Escucharemos el grito de los jóvenes y escucharemos el plan que Dios tiene para nosotros solo si entramos en la verdadera dinámica de la escucha, que no es, sobre todo, investigación y estudio, sino disponibilidad y apertura. Escuchar, por lo tanto, significa discernimiento, vigilancia, disponibilidad y acción.
Escuchar es siempre el inicio de un camino que, como para María, madura en una apertura total del corazón, y precisamente por eso no oculta la inquietud ni las preguntas que suscita en ella. Sin embargo, esta inquietud no impide su disponibilidad a Dios, que la ha elegido, acogiendo libremente su proyecto. El papa Francisco presenta el verdadero significado de esta llamada cuando dice: «nos hace falta clamar cada día, pedir su gracia para que nos abra el corazón frío y sacuda nuestra vida tibia y superficial. [...] Para eso urge recobrar un espíritu contemplativo, que nos permita redescubrir cada día que somos depositarios de un bien que humaniza, que ayuda a llevar una vida nueva. No hay nada mejor para transmitir a los demás (Evangelii gaudium, 264).

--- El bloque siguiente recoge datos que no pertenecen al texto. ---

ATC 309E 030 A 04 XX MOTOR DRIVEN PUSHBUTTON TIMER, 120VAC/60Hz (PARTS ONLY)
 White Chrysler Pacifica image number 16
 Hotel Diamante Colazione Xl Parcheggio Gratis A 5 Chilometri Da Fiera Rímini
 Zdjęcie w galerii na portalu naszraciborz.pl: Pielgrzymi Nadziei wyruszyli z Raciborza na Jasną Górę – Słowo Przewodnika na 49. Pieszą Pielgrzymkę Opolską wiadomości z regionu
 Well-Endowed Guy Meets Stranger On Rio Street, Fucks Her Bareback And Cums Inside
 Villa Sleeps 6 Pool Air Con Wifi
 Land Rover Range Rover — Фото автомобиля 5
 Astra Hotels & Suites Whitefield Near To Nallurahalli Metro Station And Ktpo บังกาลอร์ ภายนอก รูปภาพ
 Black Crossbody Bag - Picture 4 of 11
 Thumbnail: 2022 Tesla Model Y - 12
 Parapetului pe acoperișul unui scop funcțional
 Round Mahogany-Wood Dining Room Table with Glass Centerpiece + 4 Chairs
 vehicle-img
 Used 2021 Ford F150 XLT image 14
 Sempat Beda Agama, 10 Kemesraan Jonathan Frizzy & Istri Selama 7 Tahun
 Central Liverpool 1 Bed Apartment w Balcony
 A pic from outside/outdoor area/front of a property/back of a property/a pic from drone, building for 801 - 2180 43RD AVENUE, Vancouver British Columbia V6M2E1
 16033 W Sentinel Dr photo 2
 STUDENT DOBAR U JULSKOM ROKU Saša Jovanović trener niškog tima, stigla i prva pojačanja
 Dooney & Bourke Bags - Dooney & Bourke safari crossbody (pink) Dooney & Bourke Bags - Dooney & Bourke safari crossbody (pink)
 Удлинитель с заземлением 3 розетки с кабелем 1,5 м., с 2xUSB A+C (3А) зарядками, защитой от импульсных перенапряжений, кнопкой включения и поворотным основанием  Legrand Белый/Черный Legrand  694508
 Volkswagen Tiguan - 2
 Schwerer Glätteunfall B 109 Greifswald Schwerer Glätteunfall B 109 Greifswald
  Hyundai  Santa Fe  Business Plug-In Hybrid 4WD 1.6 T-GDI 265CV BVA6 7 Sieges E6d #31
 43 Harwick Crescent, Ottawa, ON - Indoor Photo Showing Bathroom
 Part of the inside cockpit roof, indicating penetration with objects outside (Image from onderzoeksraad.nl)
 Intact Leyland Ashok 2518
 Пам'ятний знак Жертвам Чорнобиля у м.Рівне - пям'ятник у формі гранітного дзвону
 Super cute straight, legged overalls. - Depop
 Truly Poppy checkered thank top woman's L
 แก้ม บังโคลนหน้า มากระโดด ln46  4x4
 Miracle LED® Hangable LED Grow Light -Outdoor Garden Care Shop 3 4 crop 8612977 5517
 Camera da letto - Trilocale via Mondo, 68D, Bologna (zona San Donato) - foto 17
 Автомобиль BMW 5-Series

Necesitamos aprender a interiorizar, a perder el tiempo para escuchar y no intentar actuar de inmediato. A veces se sobrevalora la acción. El primer paso en el hacer es el silencio y la escucha. Solo así la semilla da fruto. De lo contrario, cada acción solo deja frustración y vacío interior. Necesitamos dedicar tiempo a la escucha, perseverar en ella, luchando contra las tentaciones de la prisa, de la inmediatez, donde la Palabra es sofocada.
Frecuencia asidua, sistemática y «sistémica».
Nunca faltarán las dificultades materiales y ambientales: ruido, falta de silencio, lugar poco propicio para la contemplación. Además, existe el peligro de entrar en un círculo vicioso que favorece gradualmente la sobrevaloración del hacer, lo que da lugar a la sensación de que el tiempo de silencio y de la escucha es una pérdida de tiempo.
En esta situación, falta esa verdad que nos dice que la misión no es solo poner en práctica las acciones, sino ante todo cuidar una identidad espiritual dinámica que responda a la vocación que hemos recibido. En ausencia de tal convicción, se apoderan de nosotros las diversas preocupaciones, las distracciones y, finalmente, el cansancio y el desencanto. Necesitamos comprender bien las raíces y las razones del cansancio que muchos de nosotros experimentamos tras un cierto período de activismo frenético. Necesitamos revisar con sinceridad las decisiones que han subestimado o incluso descartado el espacio del silencio y de la oración.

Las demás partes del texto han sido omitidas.